Unfortunately we didn’t see or hear any Ground Parrots during the two days. We did however stop to talk to a lone hiker who we asked if he had seen any low-flying, stocky green parrots. When we described them to him he seemed certain that’s what he saw but some descriptions he gave us sounded dubious. Who knows?

 

The Ground Parrot is a very cryptic species, much like its closest cousin the once thought to be extinct Night Parrot. A plump bird, the Ground Parrot is green with heavy mottling of yellow and black and a distinct red patch above the bill. It is more often heard than seen, unless accidentally flushed out of heath and is listed in Victoria as threatened. The call (which I had on an app on my phone) is very unlike any parrot I’ve ever heard and for me sounds more like a Gerygone than a parrot. Information beforehand suggested the Ground Parrot calls at dusk and dawn so these were when we did the most of the surveys. What we didn’t realise until after the survey was they actually call more often half an hour before dawn and half an hour after dusk!

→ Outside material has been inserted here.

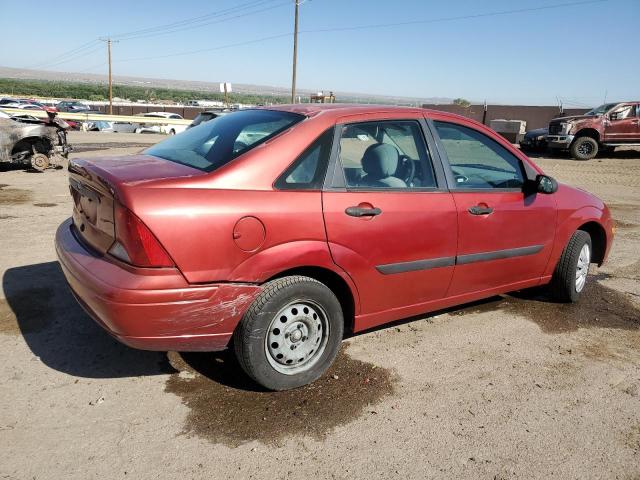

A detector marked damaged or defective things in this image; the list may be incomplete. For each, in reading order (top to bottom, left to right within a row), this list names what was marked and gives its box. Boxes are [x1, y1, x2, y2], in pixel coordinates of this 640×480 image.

We did however see a lot of interesting plant and animal life as well as some stunning landscapes so it was still very much worthwhile going on the hike. Chestnut-rumped Heathwrens were very common in the low heath areas. I’d only seen a fleeting glimpse of them before so to see and hear them a lot was great. I got some terrible photos of some at a distance so I wont embarrass myself and put it on here!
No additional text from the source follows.